Here is where the salesmanship began. Finishing lunch, Lily proposed that we go to nearby Target for Louis’ treats. “That’s where my mom gets food for our dogs.” She got permission, by providing a highly credible source we both know and love: her mom, my daughter.
Once at Target with dog treats secured, Lily offered, “There is something else I’d like to show you.” She leveraged her successful recommendation on Target, to gain a deeper level of permission to show me a pair of shoes she had been eyeing.
Now at the footwear department in Target, she showed me the shoes she desired and appealed first to my, not her, practical buying criteria. “They are the perfect size”, she exclaimed. “Look”, she said, “there is room to grow!” Good salespeople always understand the buyer’s criteria and address them up front. Her presentation was enthusiastic and engaging.
Needless to say, Lily won the shoes. When her mom picked her up later that day, I learned that this was Lily’s third pitch on the shoes. She had previously failed with both her mom and her grand mom. This illustrates the most desirable, native talent in salespeople: persistence.

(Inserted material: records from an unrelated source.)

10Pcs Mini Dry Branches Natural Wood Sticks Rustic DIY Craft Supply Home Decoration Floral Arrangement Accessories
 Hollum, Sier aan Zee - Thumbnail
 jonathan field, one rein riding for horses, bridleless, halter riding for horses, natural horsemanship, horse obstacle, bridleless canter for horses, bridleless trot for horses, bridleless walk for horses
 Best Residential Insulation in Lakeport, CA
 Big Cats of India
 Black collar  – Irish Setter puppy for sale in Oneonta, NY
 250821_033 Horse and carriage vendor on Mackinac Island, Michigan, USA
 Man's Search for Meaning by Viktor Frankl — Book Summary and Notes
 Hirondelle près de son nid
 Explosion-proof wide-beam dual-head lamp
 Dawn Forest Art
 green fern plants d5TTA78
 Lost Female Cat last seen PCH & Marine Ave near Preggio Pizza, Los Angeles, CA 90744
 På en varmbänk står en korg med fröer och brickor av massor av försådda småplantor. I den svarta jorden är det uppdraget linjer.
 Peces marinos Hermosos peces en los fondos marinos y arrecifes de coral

Here are the sales lessons Lily demonstrated:
1. Get permission using a credible reference
2. Leverage that permission
3. Understand and appeal to the buyer’s criteria
4. Make an enthusiastic presentation
5. Be persistent
This is not a comprehensive overview of what we need to do to succeed in sales. For that matter, Fulghum’s essays did not pretend to cover everything we need to do to live happy, fulfilling lives. Hopefully, though, they serve as fun reminders for both.